The Federal Reserve (the Fed) has expressed general satisfaction with the recent cooling of inflation in the U.S. economy. Inflation rates, as measured by the Consumer Price Index (CPI), have gradually declined throughout 2023. Nonetheless, there are risks that could affect its trajectory moving forward, especially in sectors such as housing, services, and energy.
The Headline CPI, which includes all goods and services, started the year with an annual rate of over 6%, but has now dipped below 4% as of September. The Core CPI, which excludes food and energy prices, has also shown a downward trend, although at a slower pace.
Upcoming data releases will provide further insights into inflation trends for the rest of 2023. The CPI releases for October and November will be closely watched, with the Wholesale Producer Price Index data coming shortly after. Additionally, the Personal Consumption Expenditure Price Index, which is the Fed's preferred metric for inflation, will be released as part of the November and December reports.
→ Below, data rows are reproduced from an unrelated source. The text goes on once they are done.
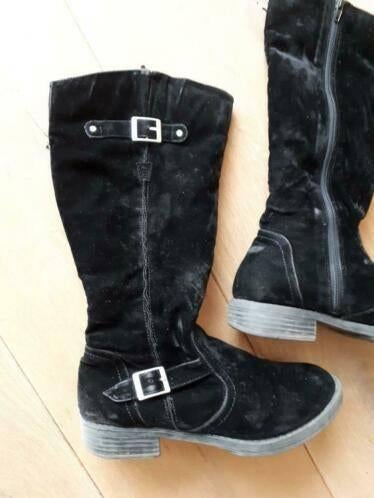 Laarzen. Maat 39, Kleding | Dames, Schoenen, Hoge laarzen, Zwart, Ophalen of Verzenden, Zo goed als nieuw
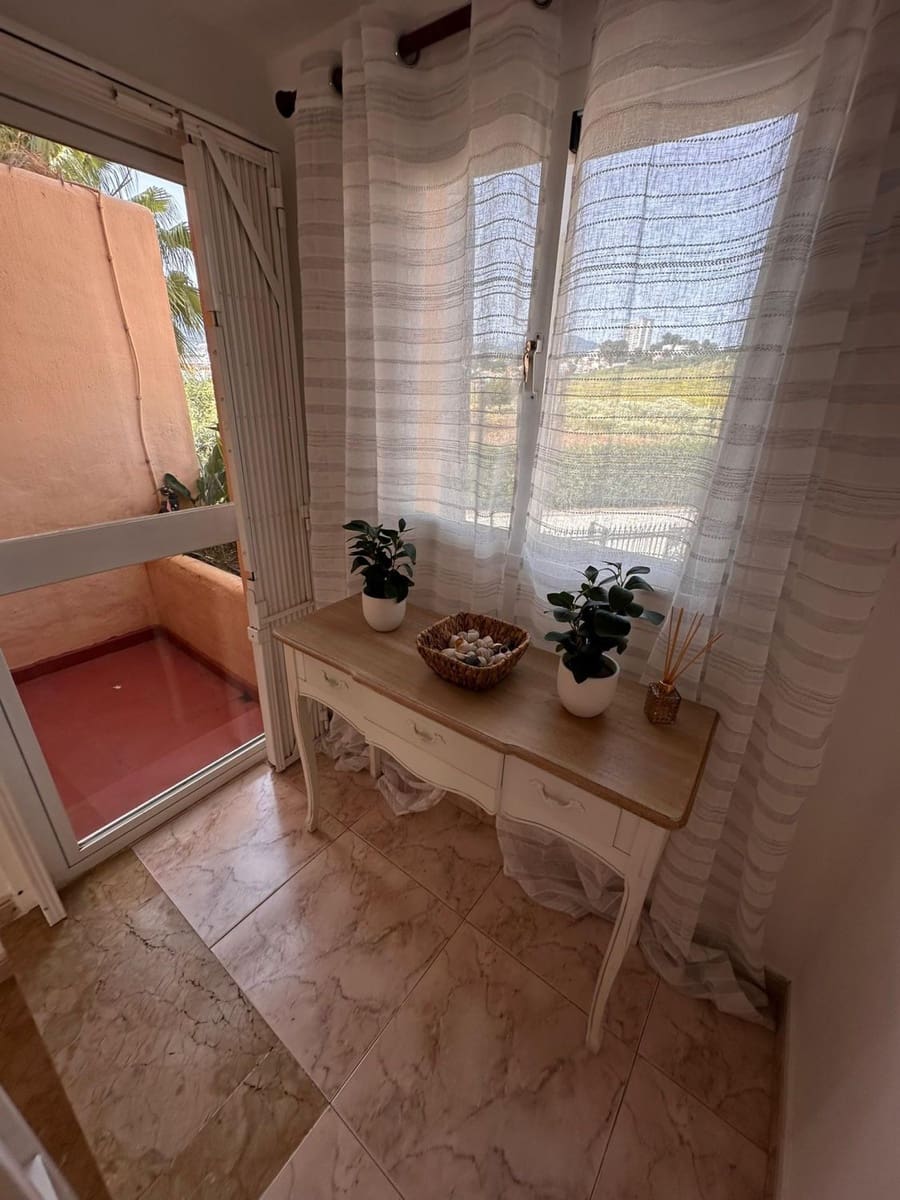 4 quarto Moradia para arrendar em Nueva Andalucia com garagem - 3 500 € (Ref: 9078505)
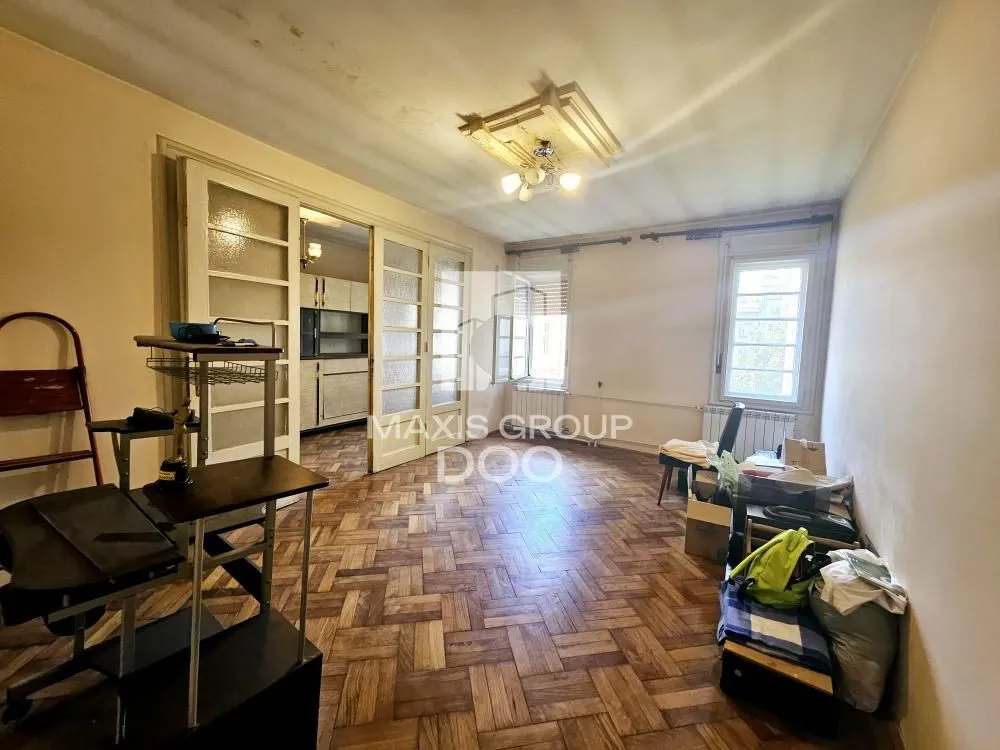 Prodaja, trosoban stan, 77m², Stari Grad, Beograd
Recent nowcasts from the Cleveland Federal Reserve suggest a potential further cooling of headline inflation due to a drop in energy prices. However, core inflation, which excludes energy and food, may remain relatively stable at 4.1% compared to September. This could be a concern for the Fed, which aims to achieve its 2% annual inflation goal. If inflation continues to hover above 2%, the Fed may consider raising interest rates in December or January.
Housing trends will play a significant role in shaping inflation's trajectory over the coming months. As housing costs, including mortgages and rentals, account for a significant portion of household expenses, any changes in this sector will be reflected in inflation calculations. While shelter cost inflation has eased with rising mortgage rates, home prices have been on the rise since spring due to reduced supply. This could potentially reverse the trend of housing disinflation and contribute to overall inflationary pressures.
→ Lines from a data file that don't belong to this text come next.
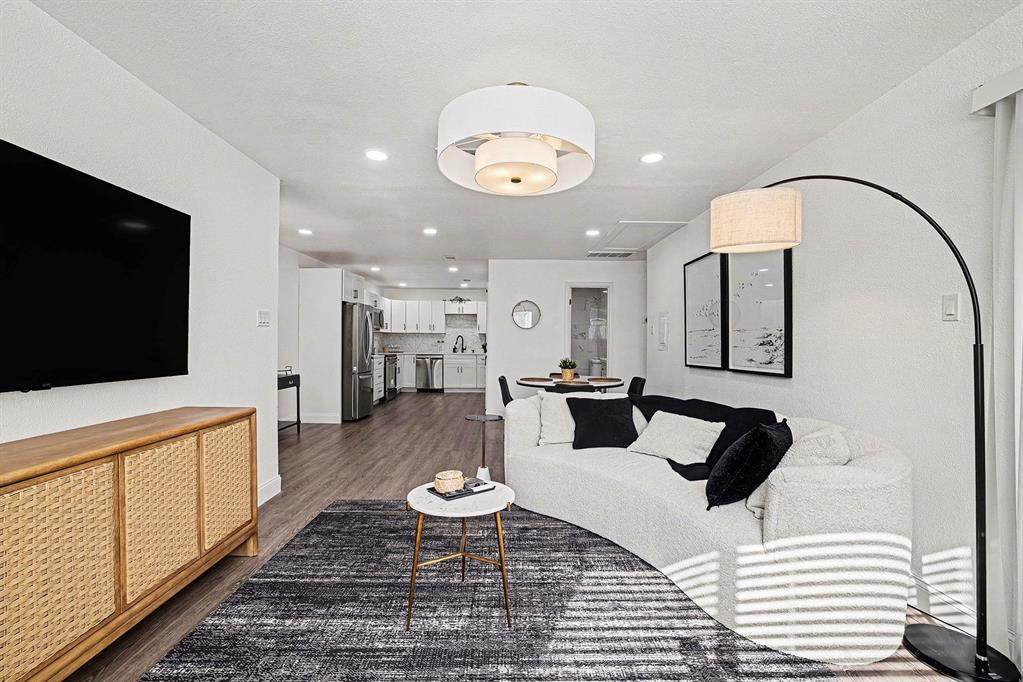 718 Pecan Street - Photo 1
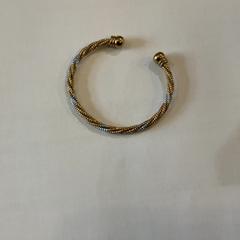 Armband, zoals gemeld door MEININGER Hotel Marseille Centre la Joliette met iLost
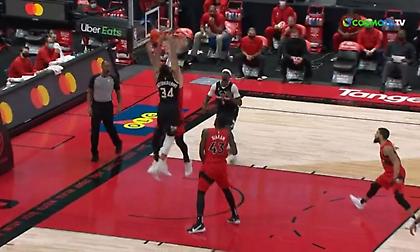 Εντυπωσιακό κάρφωμα του Γιάννη Αντετοκούνμπο στο πρόσωπο του Μπέινς! (vid)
Wage growth has also slowed down in recent months, which should help moderate prices for services. However, wage growth remains relatively high, standing at over 5% for September 2023. This suggests that services inflation may continue to ease, but it is uncertain whether this level of wage growth will be sufficient to bring overall inflation closer to the Fed's target of 2%.
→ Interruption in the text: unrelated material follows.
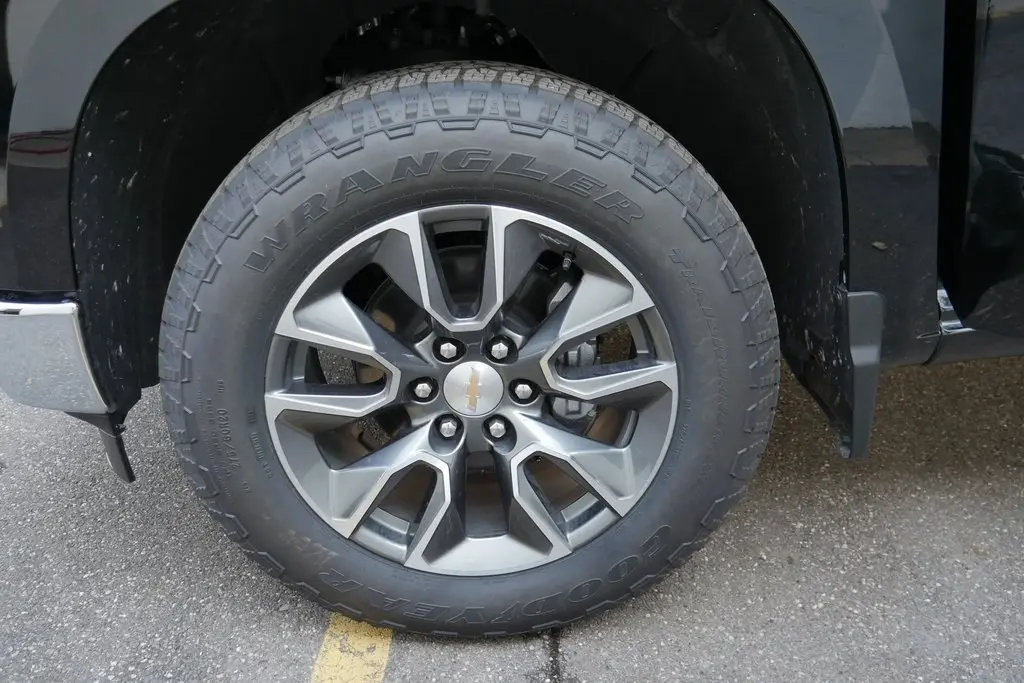 2025 Chevrolet Silverado 1500 LT photo 29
The main question that remains is whether inflation will swiftly return to the Fed's desired 2% target or if it will remain at a higher level for an extended period. Some economists argue that unexpected economic shocks could push inflation up further from its current levels. While 2023 has seen a marked decrease in aggregate inflation, the trajectory towards the end of the year remains uncertain and will depend on developments in the housing market.
The Fed will closely monitor these factors. If inflation fails to make significant progress towards the 2% goal, there is a possibility of further interest rate increases, although the expectation is for the Fed to keep rates steady in November.